## [Work item]
An exact reprint of every record below is required, with the pictures left out.

(Pictures with short captions)
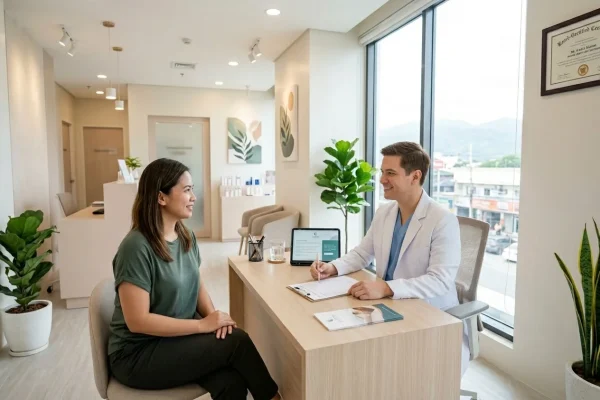 Board-certified provider consulting a patient about Botox for smile lines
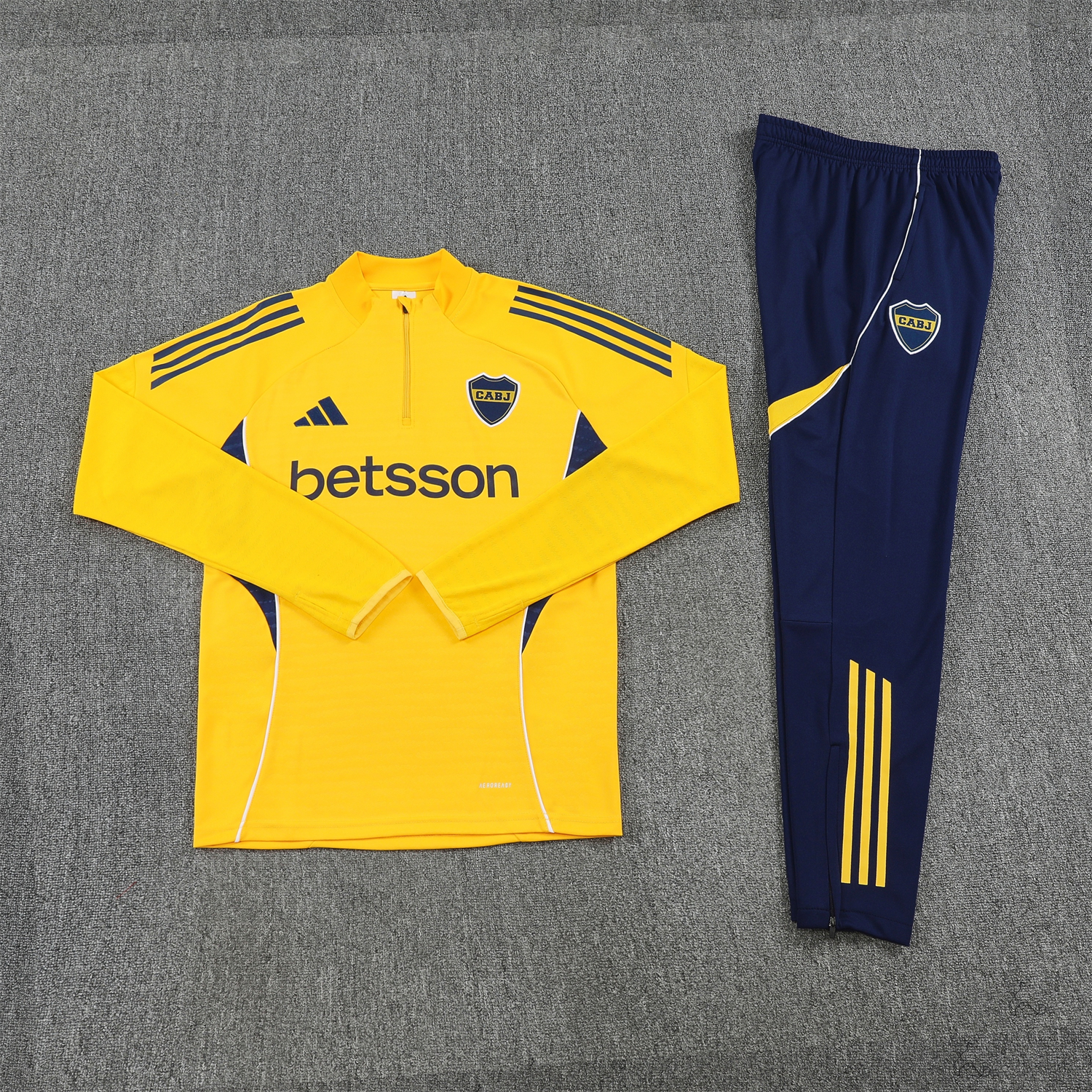 AlphaJersey-Boca Juniors 25-26 Long Sleeves Training Set - Yellow Top & Royal Blue Pants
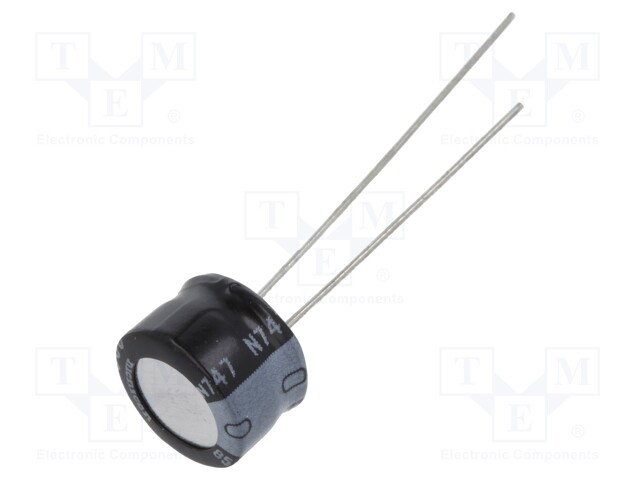 Capacitor: electrolytic; THT; 220uF; 10VDC; Ø8x5mm; Pitch: 2.5mm
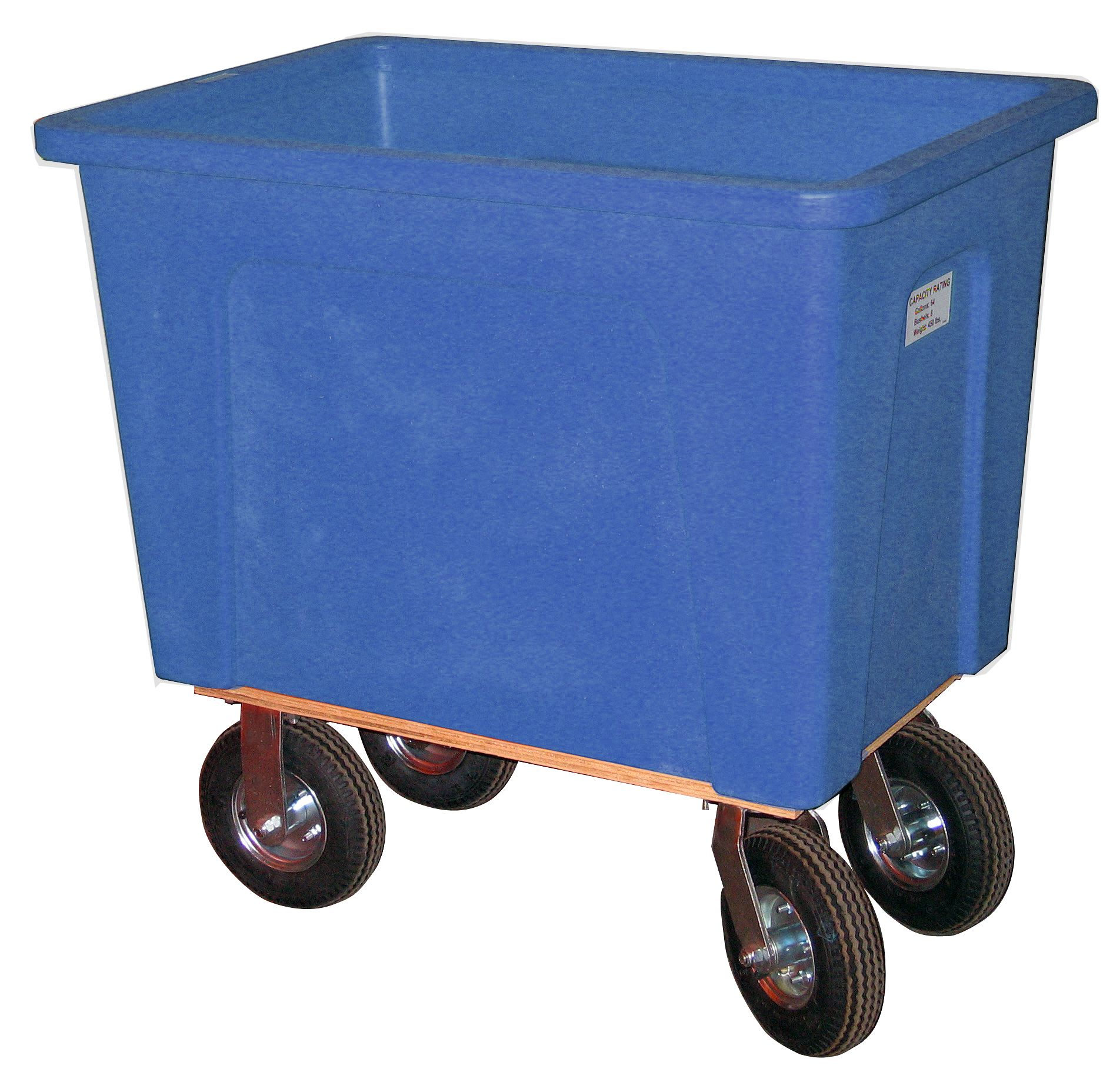 WESCO 272538 Box Truck, Plastic, 128 Gallon, 8 Pneumatic, 600 Lbs Capacity, Blue | AG7KEU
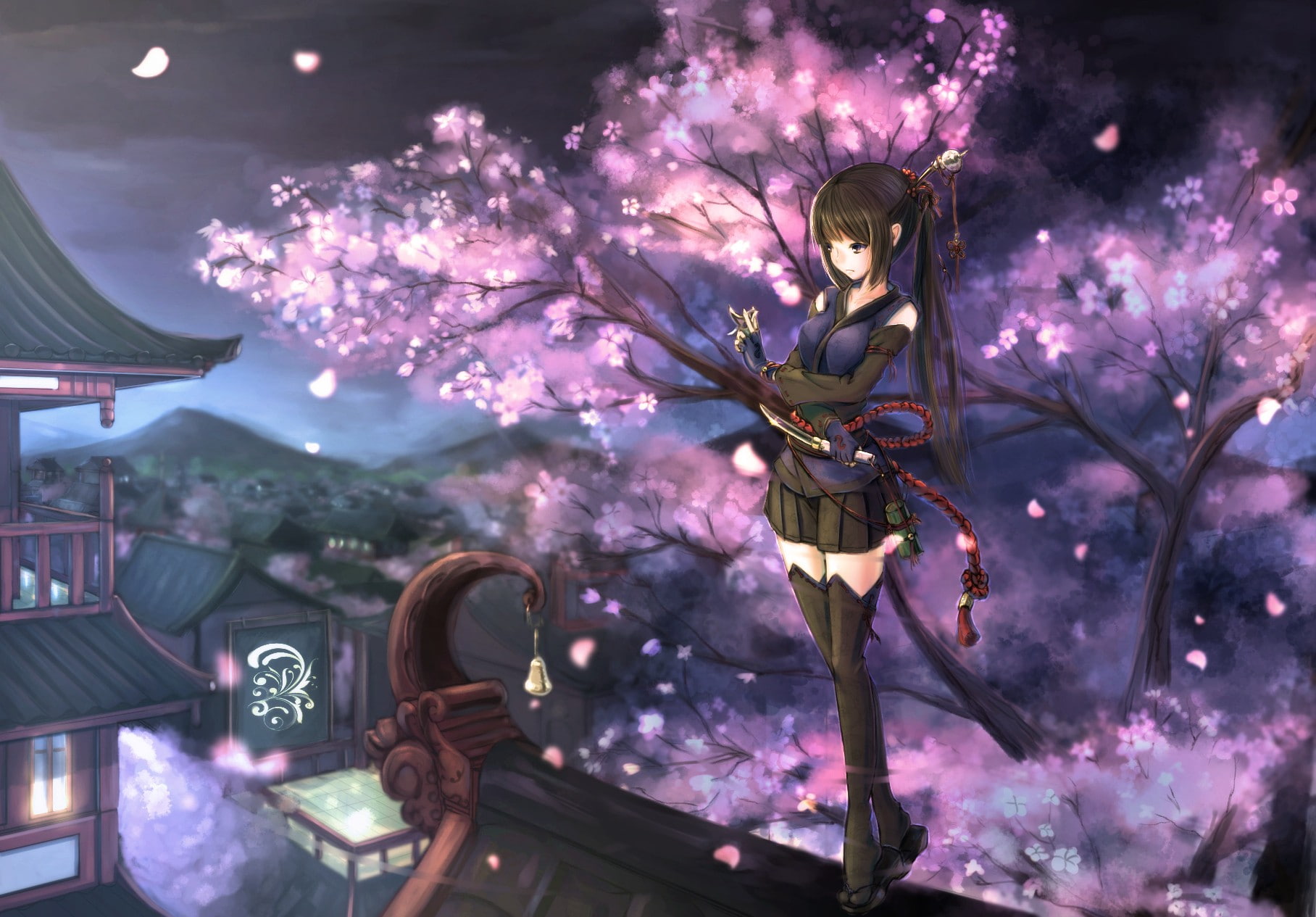 anime girls, 720P, original characters, Kunoichi, night, cherry blossom, anime, HD Wallpaper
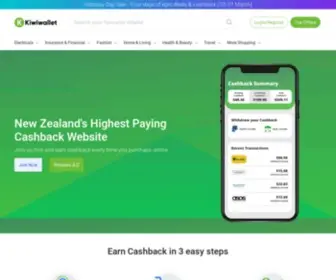 Kiwiwallet.co.nz(New Zealand's Best Cashback Website) Screenshot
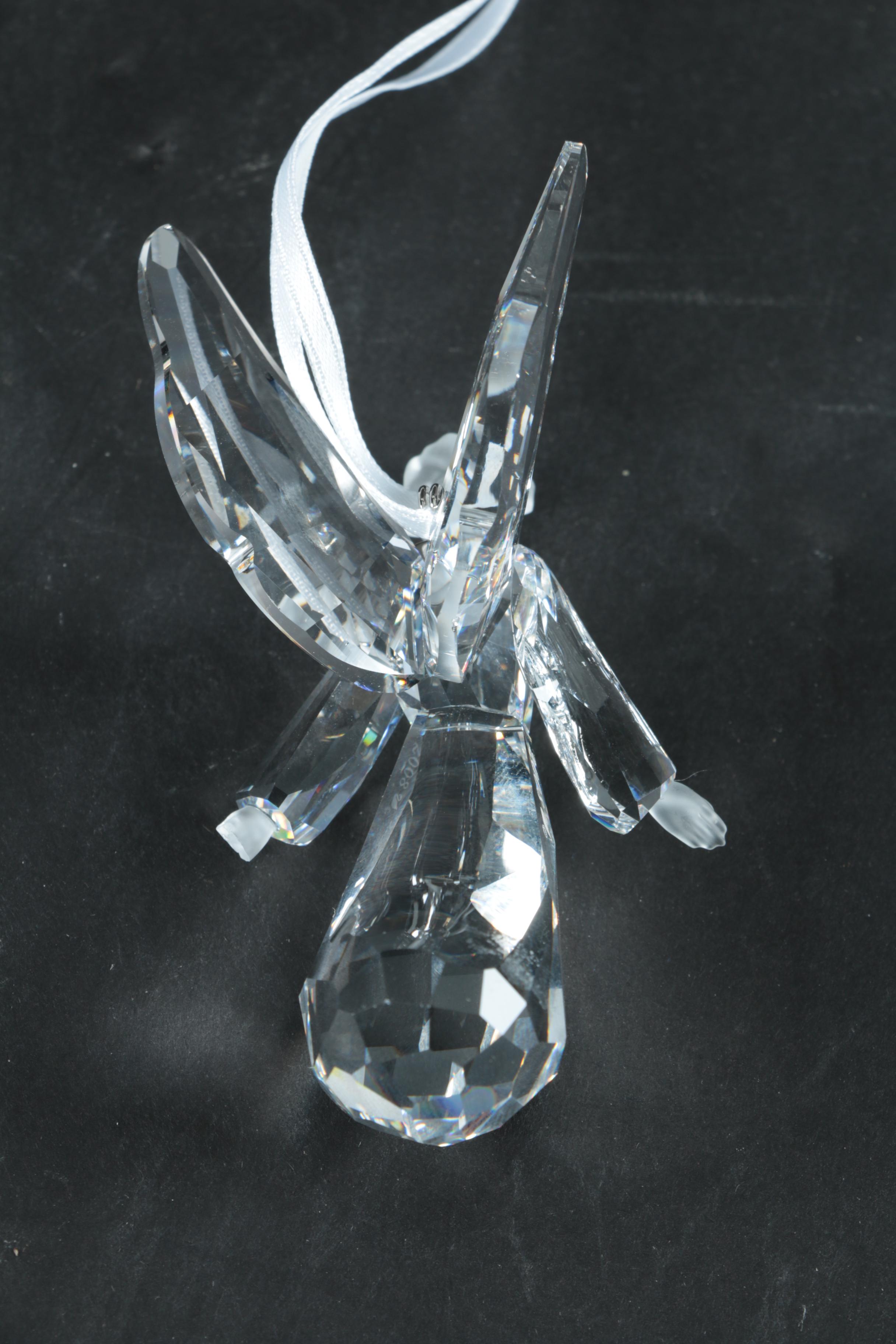 Swarovski Crystal Goat and Angel Figurine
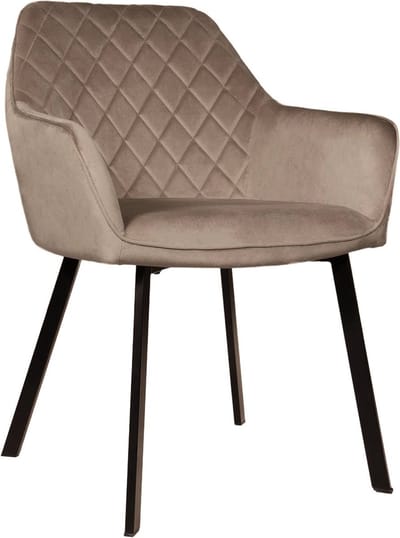 Eetkamerstoel met armleuning Yurgan velvet taupe eetstoel zetel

## [Answer to this problem]
 Board-certified provider consulting a patient about Botox for smile lines
 AlphaJersey-Boca Juniors 25-26 Long Sleeves Training Set - Yellow Top & Royal Blue Pants
 Capacitor: electrolytic; THT; 220uF; 10VDC; Ø8x5mm; Pitch: 2.5mm
 WESCO 272538 Box Truck, Plastic, 128 Gallon, 8 Pneumatic, 600 Lbs Capacity, Blue | AG7KEU
 anime girls, 720P, original characters, Kunoichi, night, cherry blossom, anime, HD Wallpaper
 Kiwiwallet.co.nz(New Zealand's Best Cashback Website) Screenshot
 Swarovski Crystal Goat and Angel Figurine
 Eetkamerstoel met armleuning Yurgan velvet taupe eetstoel zetel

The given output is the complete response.